Eliel Saarinen tea urn acquired by Dallas Museum of Art

Press release text by Dallas Museum of Art

The Dallas Museum of Art today announced the acquisition of a major work for its acclaimed decorative arts and design collection, a spherical tea or hot water urn designed by Finnish architect Eliel Saarinen (1873–1950) for the Wilcox [Silver Plate Co.] division of the International Silver Company. The spare, architectonic form of this tea urn reflects both the designer’s penchant for elegantly precise shapes and a trend for such boldly geometric and machine-like forms during the 1930s, when streamlining became the dominant style in industrial design. The plume‑like finial and a spout handle suggestive of a bird wing also suggest the designer’s admiration for organic motifs wrought from images of nature. The urn is currently on view in a silver installation on the second floor landing closest to the Ross Avenue entrance to the Museum.

“We are extremely pleased to bring such an exquisite work into our collection at the Dallas Museum of Art,” said Maxwell L. Anderson, The Eugene McDermott Director of the Dallas Museum of Art. “Saarinen’s tea urn stands as one of the most important examples of American silver of the 20th century and is an exceptional addition to the DMA’s important holdings of modernist design.”

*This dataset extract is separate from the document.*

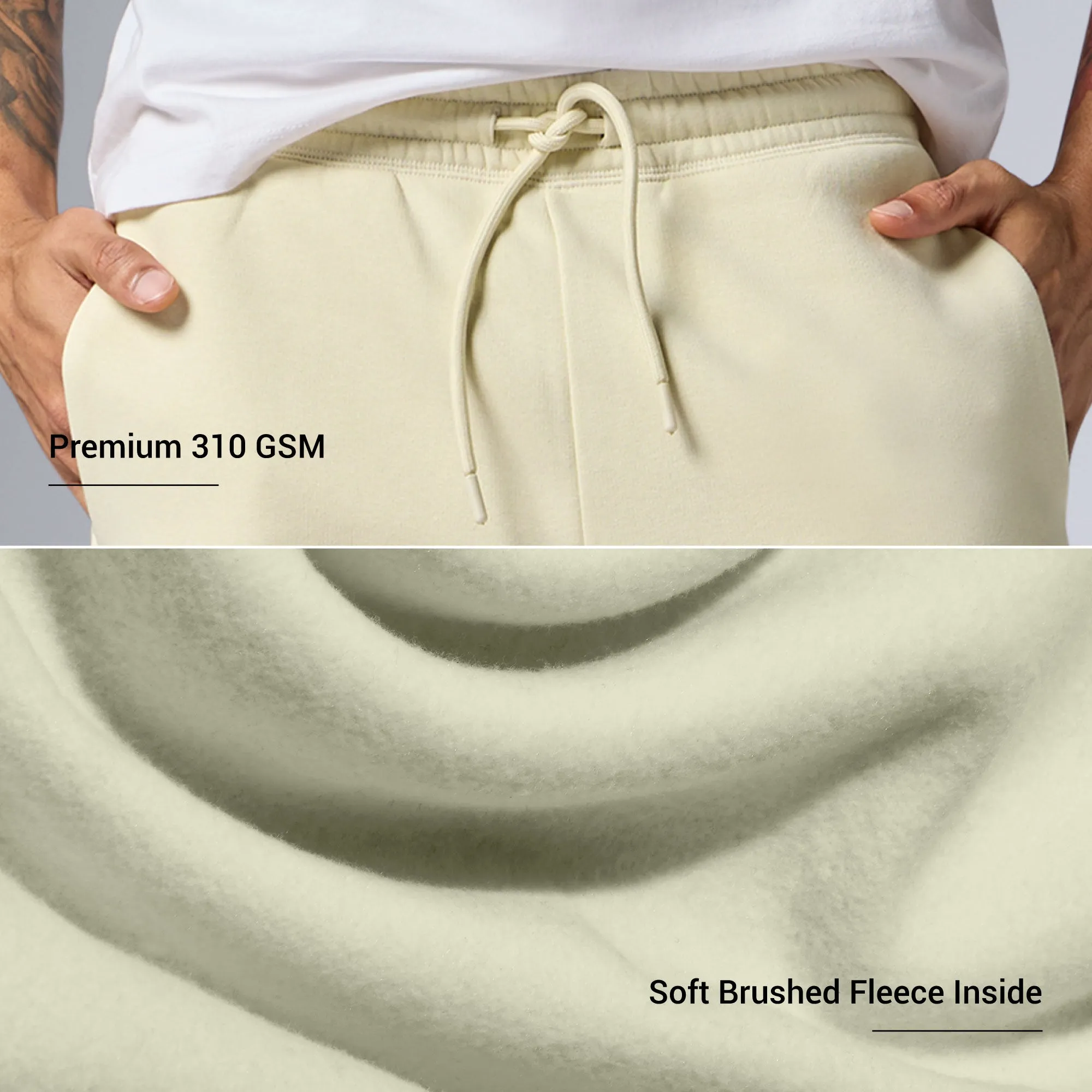 Pulse French Terry Cotton Blend Sweatpants Almond White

“In the late 1920s and early 1930s Finnish architect Eliel Saarinen, arguably best known for his design and leadership at the Cranbrook Schools, explored what would be an artistically successful, if short-lived, departure into the world of industrially produced American silver,” said Kevin W. Tucker, The Margot B. Perot Curator of Decorative Arts and Design at the Dallas Museum of Art. “The DMA features one of the foremost collections of modernist silver in the world, allowing us to present Saarinen’s exceptional urn not only within the context of industrial design of the 1930s, but specifically that of American silver manufacture.”

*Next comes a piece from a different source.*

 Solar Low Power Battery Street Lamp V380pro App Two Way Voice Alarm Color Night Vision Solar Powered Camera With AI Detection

Although the silverplated urn was ultimately intended for mass production, design variations suggest that its production was not only quite limited but may have been virtually made‑to‑order. A prototype version of the urn, with a companion tray, creamer, and sugar bowl in brass and silverplate, is now held by the Metropolitan Museum of Art. Other examples were produced for the Cranbrook Schools, and one version of the urn was presented in Saarinen’s display for the 1934 Contemporary American Industrial Art exhibition, held at the Metropolitan Museum of Art. In 1935 the International Silver Company offered a twenty‑six‑cup urn of modified design along with a companion tray. Other extant examples include one in the collection of the Cranbrook Art Museum, another at the British Museum, and yet another in the St. Louis Art Museum. Beyond this work and his Contempora pattern of flatware and holloware for the firm of Dominick & Haff (1930) and a centerpiece bowl (1929) produced by Charter, Saarinen did not create any other designs for production silver. This example of the urn, which appeared in the Museum’s 2005 exhibition Modernism in American Silver: 20th-Century Design, descended in the Saarinen family.

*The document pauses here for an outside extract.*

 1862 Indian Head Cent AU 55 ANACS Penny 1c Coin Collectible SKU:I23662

Educated at the Helsinki University of Technology, Eliel Saarinen worked as an architect with Herman Gesellius and Armas Lindgren to design his first major work, the Finnish Pavilion at the Paris Exposition of 1900. His subsequent buildings, including the National Museum (1904) and Central Railway Station (1909), reflected a romantic nationalism that drew upon pre‑industrial motifs in the vein of the international Arts & Crafts movement. In 1922 he submitted designs for the Chicago Tribune building competition and, though failing to win, moved to the United States, where, in 1925, he was tasked by George Booth to design the campus for the Cranbrook Educational Community in Michigan. After teaching at the new campus, Saarinen became its director in 1932, influencing students and future designers Charles Eames and Ray Kaiser, Harry Bertoia, and Florence Knoll, among others. In the 1930s, he began working with his son the architect Eero Saarinen, and in 1947 he received the Gold Medal from the American Institute of Architects.